TQWhy have you chosen to include or not chosen to include social issues in All Our Wrong Todays?

Elan:  Well, I’m writing about a character from a version of the world where the last five decades played out very differently, who then finds himself stuck in our version of the world and is often appalled by what he finds. Without delving into some thorny and complex modern issues, the story wouldn’t be as dynamic, authentic, or deeply felt. Which is not to say that Tom’s utopian world is without its own blind-spots. Part of Tom’s journey as a character is realizing what he takes for granted, personally and also on a social level. Certain contemporary issues are touchstones for the evolution of his character through the story.



TQGive us one or two of your favorite non-spoilery quotes from All Our Wrong Todays.

Elan:

“The problem with knowing people too well is that their words stop meaning anything and their silences start meaning everything.”

“So he did what you do when you’re heartbroken and have a time machine—something stupid.”

Actually, that last one is kind of spoilery, but that’s OK, since it’s also the premise of the novel.



TQWhat's next?

Elan:  I sold the movie rights to All Our Wrong Todays, so right now I’m writing the screenplay adaptation of the book for Paramount Pictures.
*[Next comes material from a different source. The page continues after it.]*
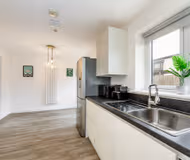 listing-1679868594083082737-4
I’m also about halfway through a second novel. It’s unrelated to my first but shares a similar tone and style.



TQThank you for joining us at The Qwillery.

Elan:  Thanks for having me and asking such thoughtful questions!





All Our Wrong Todays
Dutton, February 7, 2017
Hardcover and eBook, 384 pages

“Entertainingly mixes thrills and humor.”—Entertainment Weekly

“[An] amazing debut novel…Dazzling and complex…Fearlessly funny storytelling.”—Washington Post

“Instantly engaging…a timeless, if mind-bending, story about the journeys we take, populated by friends, family, lovers and others, that show us who we might be, could be—and maybe never should be—that eventually leads us to who we are.”—USA Today

A Skimm Reads Selection

You know the future that people in the 1950s imagined we’d have? Well, it happened. In Tom Barren’s 2016, humanity thrives in a techno-utopian paradise of flying cars, moving sidewalks, and moon bases, where avocados never go bad and punk rock never existed…because it wasn’t necessary.
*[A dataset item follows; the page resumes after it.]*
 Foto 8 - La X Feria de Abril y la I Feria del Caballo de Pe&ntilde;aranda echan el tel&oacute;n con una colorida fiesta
Except Tom just can’t seem to find his place in this dazzling, idealistic world, and that’s before his life gets turned upside down. Utterly blindsided by an accident of fate, Tom makes a rash decision that drastically changes not only his own life but the very fabric of the universe itself. In a time-travel mishap, Tom finds himself stranded in our 2016, what we think of as the real world. For Tom, our normal reality seems like a dystopian wasteland.

But when he discovers wonderfully unexpected versions of his family, his career, and—maybe, just maybe—his soul mate, Tom has a decision to make. Does he fix the flow of history, bringing his utopian universe back into existence, or does he try to forge a new life in our messy, unpredictable reality? Tom’s search for the answer takes him across countries, continents, and timelines in a quest to figure out, finally, who he really is and what his future—our future—is supposed to be.

All Our Wrong Todays is about the versions of ourselves that we shed and grow into over time. It is a story of friendship and family, of unexpected journeys and alternate paths, and of love in its multitude of forms. Filled with humor and heart, and saturated with insight and intelligence and a mind-bending talent for invention, this novel signals the arrival of a major talent.





About Elan

Photo by David Leyes
Elan Mastai was born in Vancouver and lives in Toronto with his wife and children. He is an award-winning screenwriter. This is his first novel.